I had an idea last night as I looked at my atlas, "It would be awesome if there was a map that had locations of Co-ops from the states and cities listed, or other useful location information for travelers."

I have one for train travel, and just a regular Continental US atlas, but I would really love to be able to see some cool places to stop, get some help, or help some people out, or just visit and hang out with other like-minded people, and be able to plan my routes accordingly.

Anyway, let me know your thoughts people.

- Agni


----------



## Tude (Dec 4, 2014)

I did something like that for a long bike trip a bunch of us did a several years ago going around Lakes Ontario and Erie - I had the maps for bike routes and road stretches - and then I researched all the bike shops around the route, bike clubs and things to see/do. Contacted the bike clubs too for their input. Then combined it all together by the area we were traveling that day. We really relied on that info - especially for bike shops. This was before we had all the info from smart phones. We did have a cheap GPS with us but that thing was unreliable - we were lost and we got out the GPS - it said the bike route went here. LOL - we were on a 2" "trail" going through fields. We must have looked like dorks! Some of the guys were PO'd - they had super expensive bikes (one was a new $10,000 carbon fiber roadbike) I'm always the researching person for a trip, for ex - was recently in Pensacola and I had a bucket list - finally had a bourbon aged ale at World of Beers (600 varieties), went through a haunted abandoned fort, went through an old haunted cemetery, etc. I don't know of a one document for stp - but I know we have a fairly new section "Areas by Destination" which we've been filling with travel facts and places by area. You might check that out for some info.


----------



## Deleted member 20 (Dec 4, 2014)

I too have thought it would be cool to have all of that type of info online. Here is the list of catholic worker movement communities.

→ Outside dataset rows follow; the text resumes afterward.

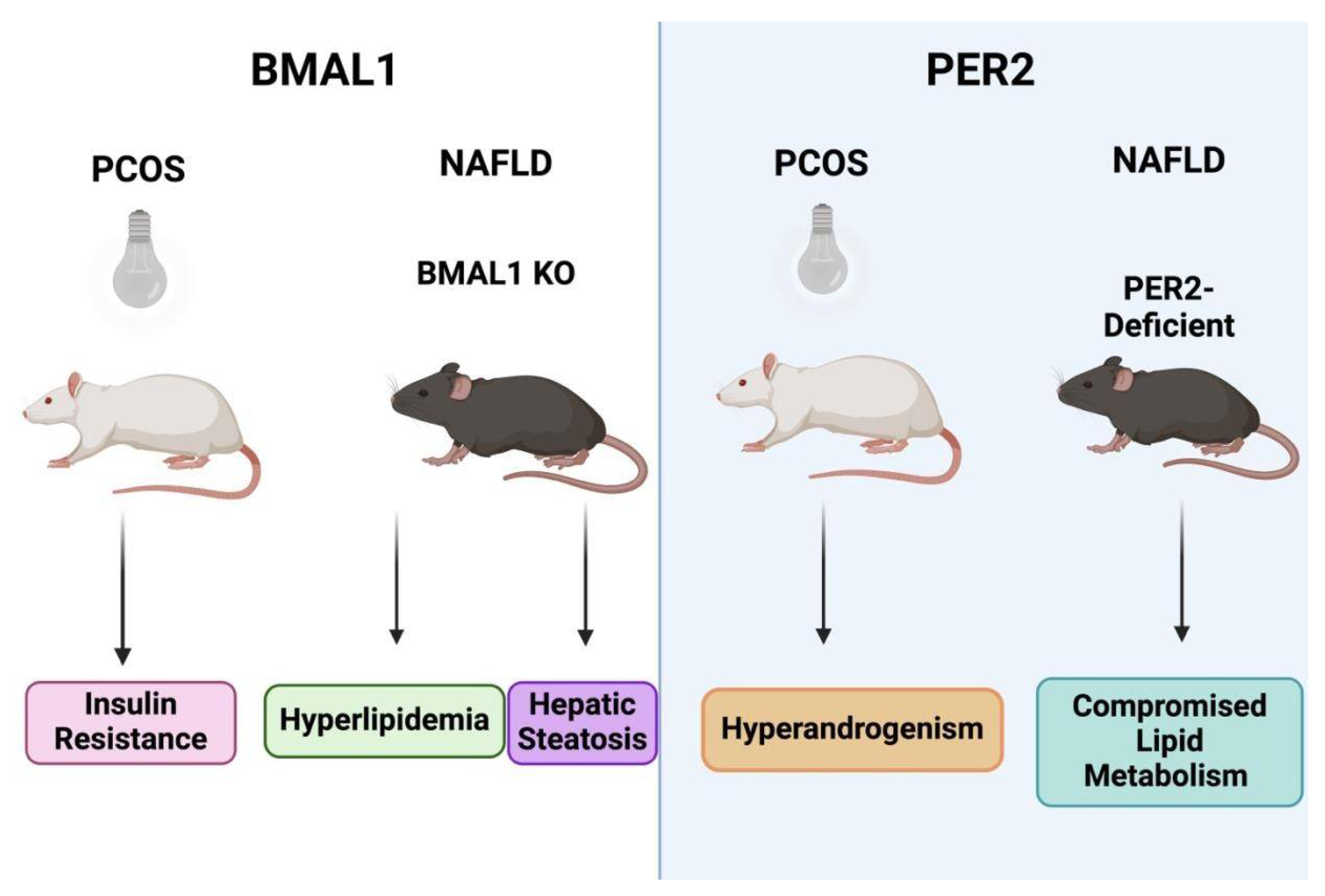Biomolecules 15 00051 g006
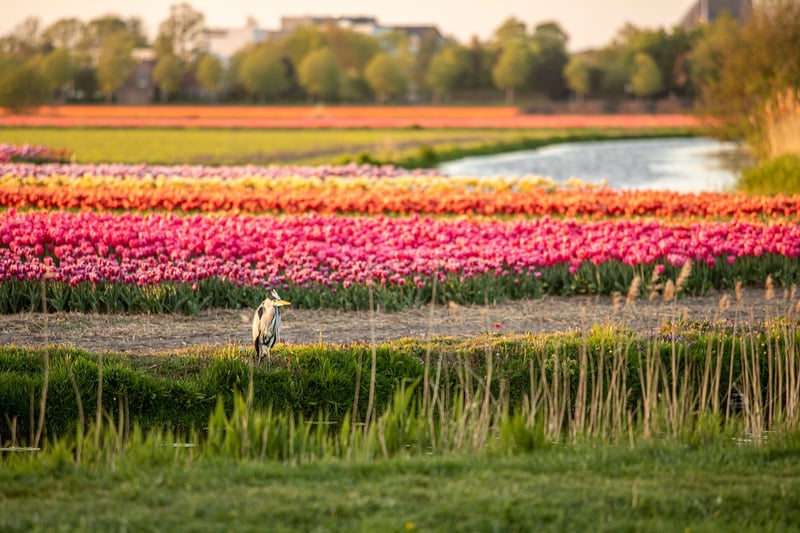 Keukenhof Gardens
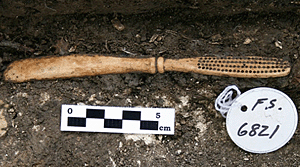 Bone toothbrush recovered from the latrine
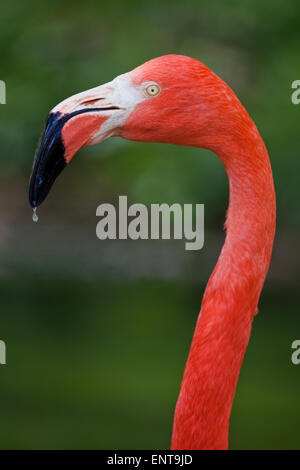 American, or Caribbean or Cuban or Greater Flamingo (Phoenicopterus ruber ruber). Portrait. Stock Photo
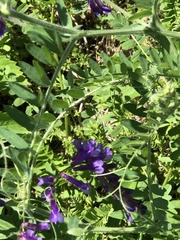 Vicia villosa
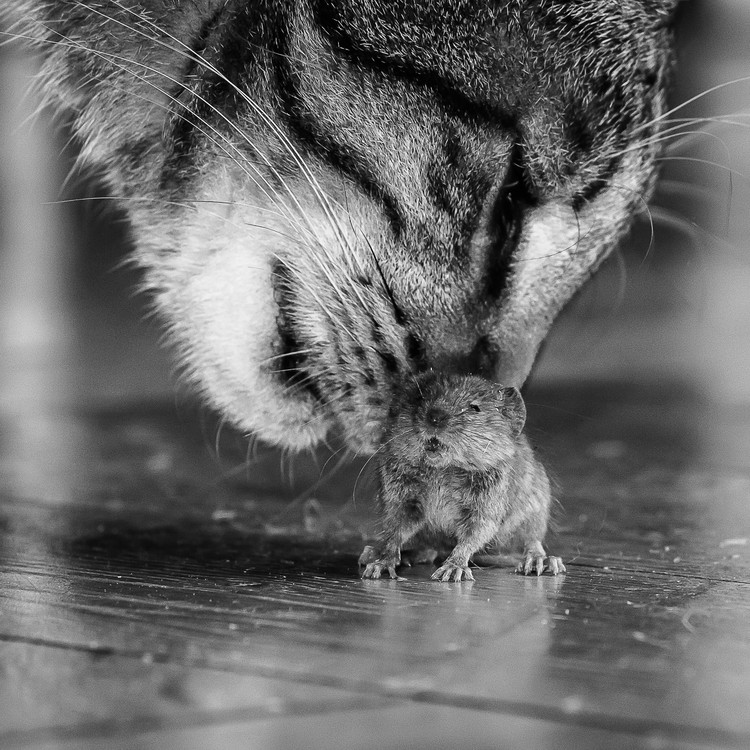 Gatti, La più grande selezione di poster e regali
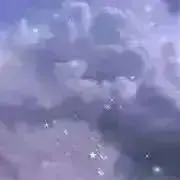 メル【8/8-8/16発送不可】の画像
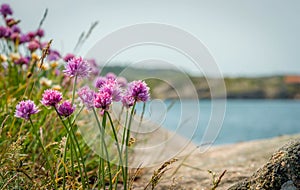 Colorful flowers in the archipelago of BohuslÃ¤n on the west coast of Sweden.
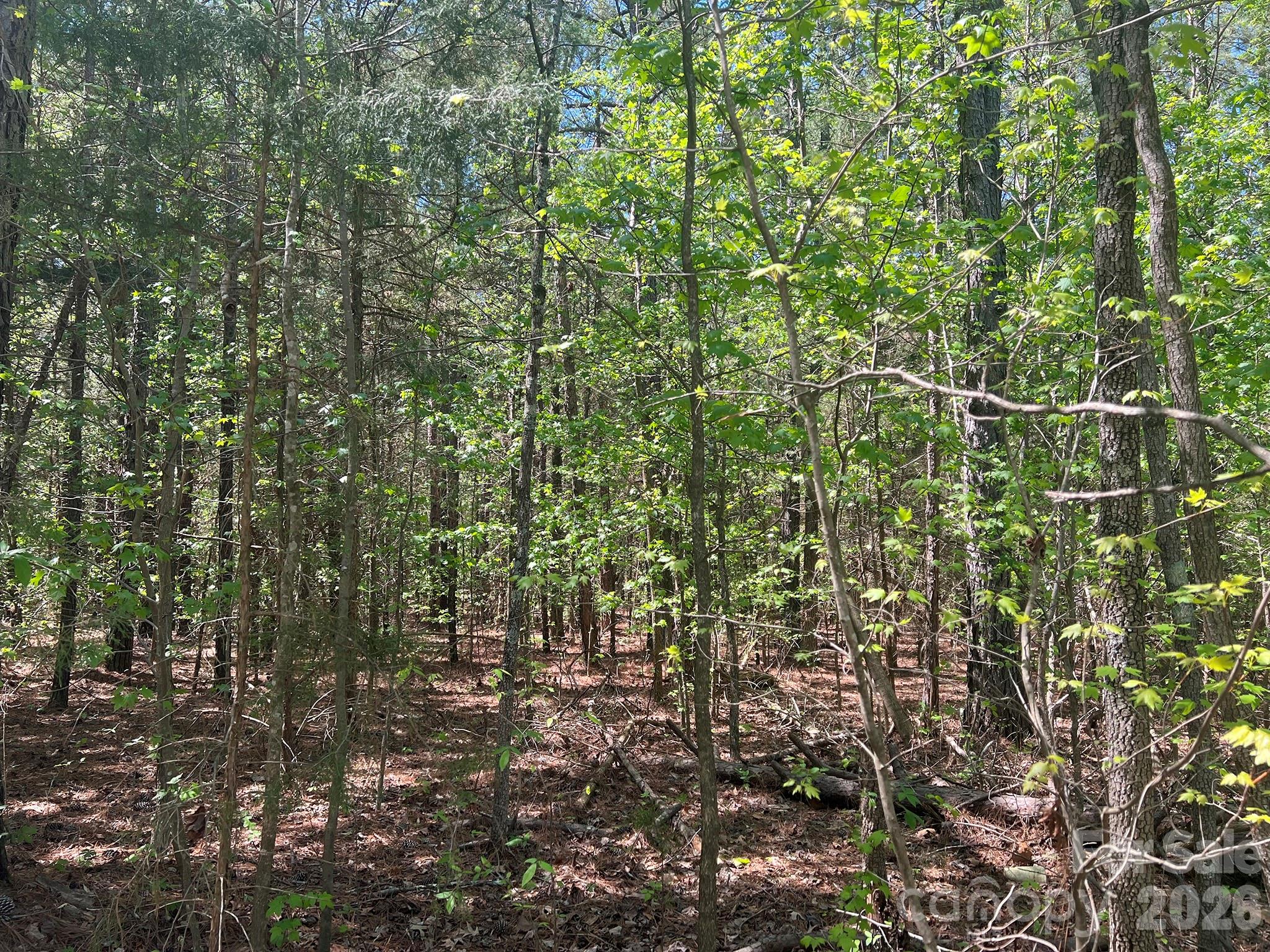 8320 Waxhaw Creek Rd, Waxhaw, NC 28173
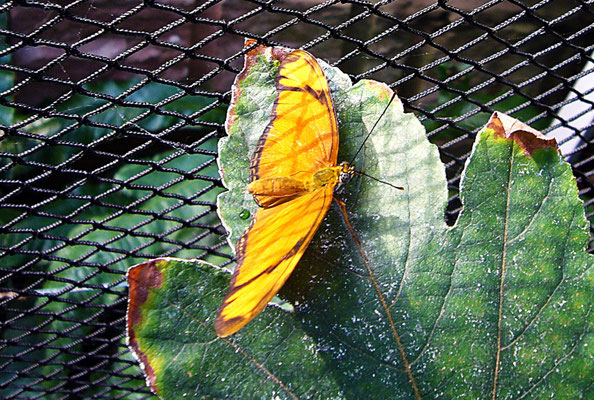 Schmetterlinge im Botanischen Garten Augsburg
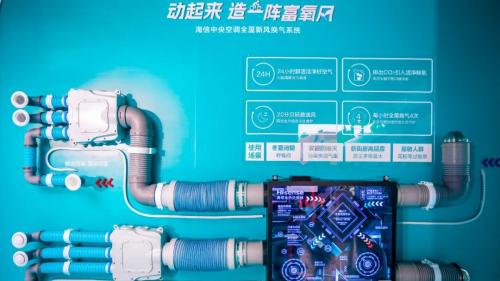 103名海信空气人集体开跑，用脚步丈量“好空气”的征程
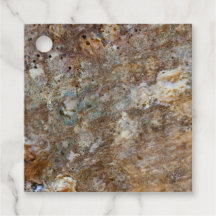 自然の荒々しい岩浜　貝殻　夏のような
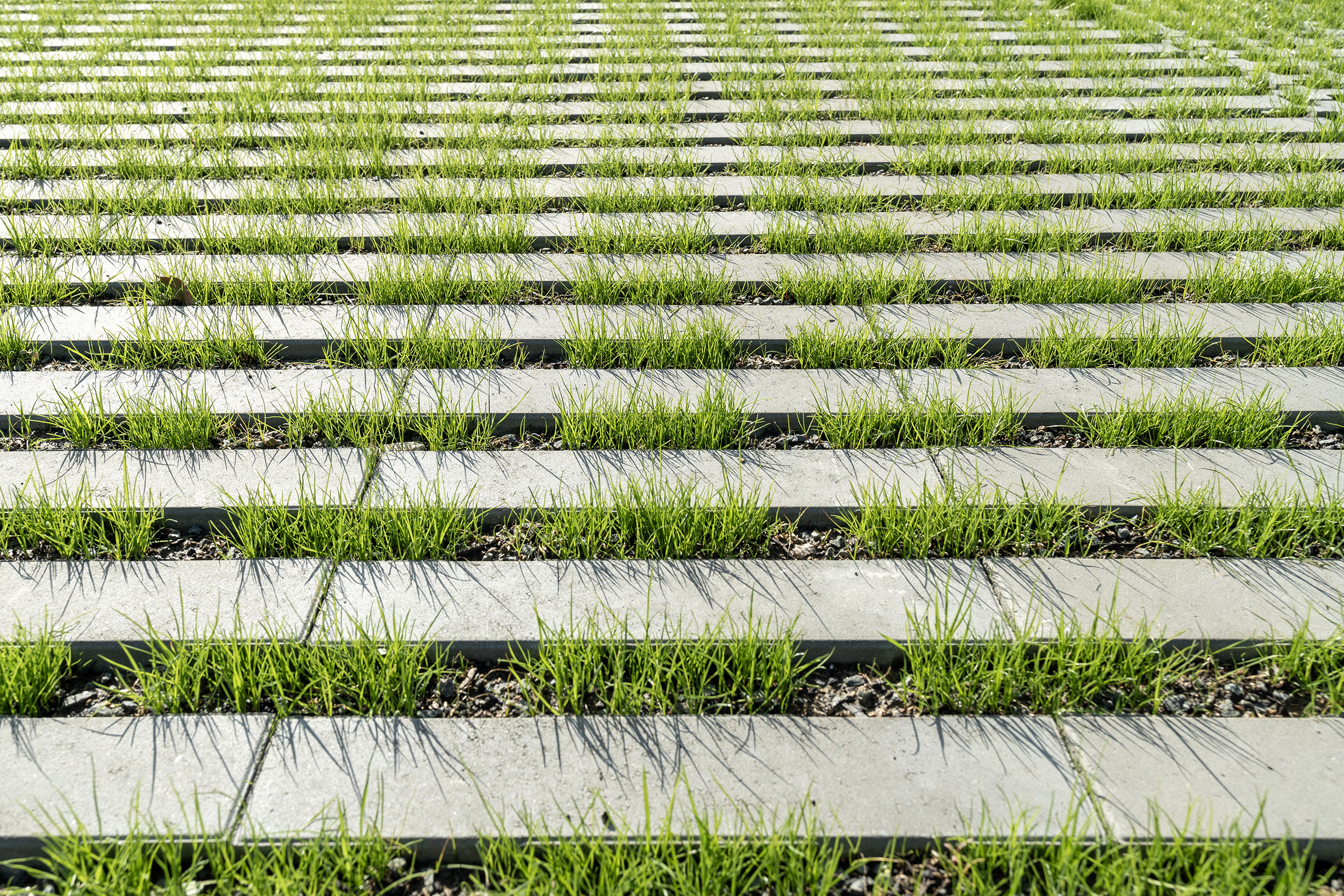 Breinco parking comedores UNAV (7)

http://www.catholicworker.org/communities/commlistall.cfm


----------



## kidbob (Dec 4, 2014)

So i was in p-cola two yrs ago and was having problems finding things like fresh water and dumpsters worth diving in...and had also done some rather extensive map searching on the game GTA:v(*hidden packages*) when i get hit with an bright idea....what if we as travelers had a an app map...in which any users could drop a ciggerette butt icon or a dumpster icon or a food icon or a water fountain icon..just drop a pin on this map to let other users know...HEY u can find this shit RIGHT HERE...i mentioned an app called pherophone in a previus message in which ur phone drops breadcrumb data to lead users to a stash of fire wood i left in montgomery...and i mentioned using gps for doin safe drops of anything....matt kinda puts gps data up every now and then for cool stuff...but id really like to see a map app come to fruition...very similar to a gta map.... That way when i roll up into an unfamiliar town..i know a water faucet is 2.8 miles from where i am now...and ol travilin mans camp(which is friendly to travelers) is 2.7 miles...so using this app i know what im lookin for....and how to get to it...i know im askin alot.. Especially cause most ppl dont have the tech...but more and more are..an i just cant help but dream lol


----------



## VikingAdventurer (Dec 7, 2014)

If anyone knows how to create apps for smartphones/tablets, they could TOTALLY do this. It would be great to also be able to merge it with Google Maps.


----------



## Agni Riniari (Dec 7, 2014)

I like the app ideas, and the breadcrumbs would be usual for those with smartphones, in the very least to provide new info for updating any Non-Live versions of the map.

I really would like to see something come of this, so we can distribute a piece of information for people to find all of the community things in state or town.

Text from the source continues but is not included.